Todo o ensino de Jesus tem base nas ilustrações da confiança simples em Deus — a criança, o passarinho, a flor, etc. Bem faremos em seguir o exemplo do Mestre e usar as coisas simples que são portadoras de virtude curativa.
Uns versos que achei em alguma parte e para que não tenho lugar suficientemente digno, rezam:
“Disse o Sabiá à Andorinha:
‘Eu gostaria de saber
Por que os ansiosos sêres humanos Correm tanto e tanto se preocupam?’
“Respondeu-lhe a Andorinha: ‘Amigo, penso que deve ser Por não terem um Pai celestial Como o que cuida de você e de mim’.”
Tôda vez que uso êstes versinhos, é-me possível descobrir alguém dentre a congregação que sofre com verdadeiros problemas. Esperam essas pessoas em fila para conseguirem de mim uma cópia para si. Sua mensagem positiva de fé e confiança possui grande valor terapêutico. O trabalho do conselheiro tanto é prevenir tensões e seus desenvolvimentos, como curar os aflitos de sua congregação que não aprenderam a lição da fé e confiança.
O Conselho Adventista do Sétimo Dia. — Achamos que a forma de aconselhar que se coadune com a filosofia adventista do sétimo dia, precisaria seguir um procedimento mais direto do que em geral é considerado eficiente pela maioria dos psicólogos. Anda o mundo em busca de maior certeza, de uma voz com a mensagem: “A voz do que clama no deserto: Endireitai o caminho do Senhor.” Isto não significaria que abandonemos métodos menos diretos, mas seguindo uma norma escolhida, escolhamos uma aproximação mais orientadora do que em geral é adotada. É a espécie de conselho que com bondade e paciência busca a oportunidade, e não simplesmente espera que ela chegue.
Sumário: Em conclusão temos os seguintes pontos:
- 1. Jesus usou um método de buscar a oportunidade. Êle foi a Samaria (S. João 4:4).
- 2. Tornou as pessoas conscientes da excessiva pecaminosidade do pecado, para abrir o caminho para a conversão: “Porque tiveste cinco maridos” (v. 18).

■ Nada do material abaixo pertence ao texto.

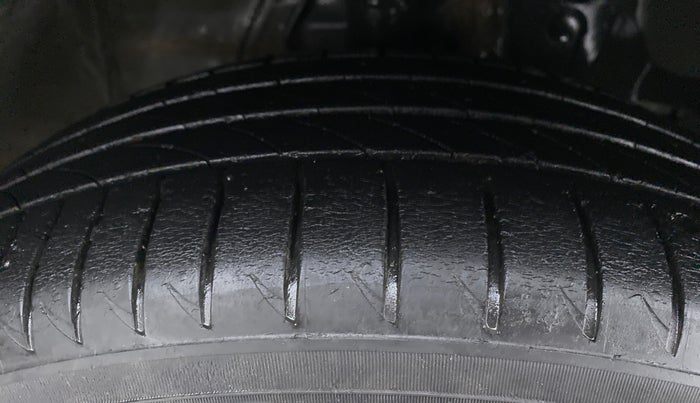 2017 Honda WR-V 1.2 i-VTEC VX MT, Petrol, Manual, 39,354 km, Right Front Tyre Tread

Não obstante, com grande tacto preparou o caminho.
- 3. Mostrou que o caminho da obediência é o caminho da felicidade. (S. Mar. 10:17-19).
- 4. Repudiou o preconceito nacional e fêz os desprezados se sentirem satisfeitos. “Os judeus não se comunicam com os samaritanos.” “A hora vem, em que nem neste monte nem em Jerusalém adorareis o Pai.” “Deus é Espírito, e importa que os que O adoram O adorem em espírito e em verdade,” (S. João 4:9, 21 e 24.)
- 5. Êle privava com os publicanos e pecadores. Era um homem entre os homens.
- 6. Amava as pessoas. Isto, por sua vez, lhes conquistava o amor.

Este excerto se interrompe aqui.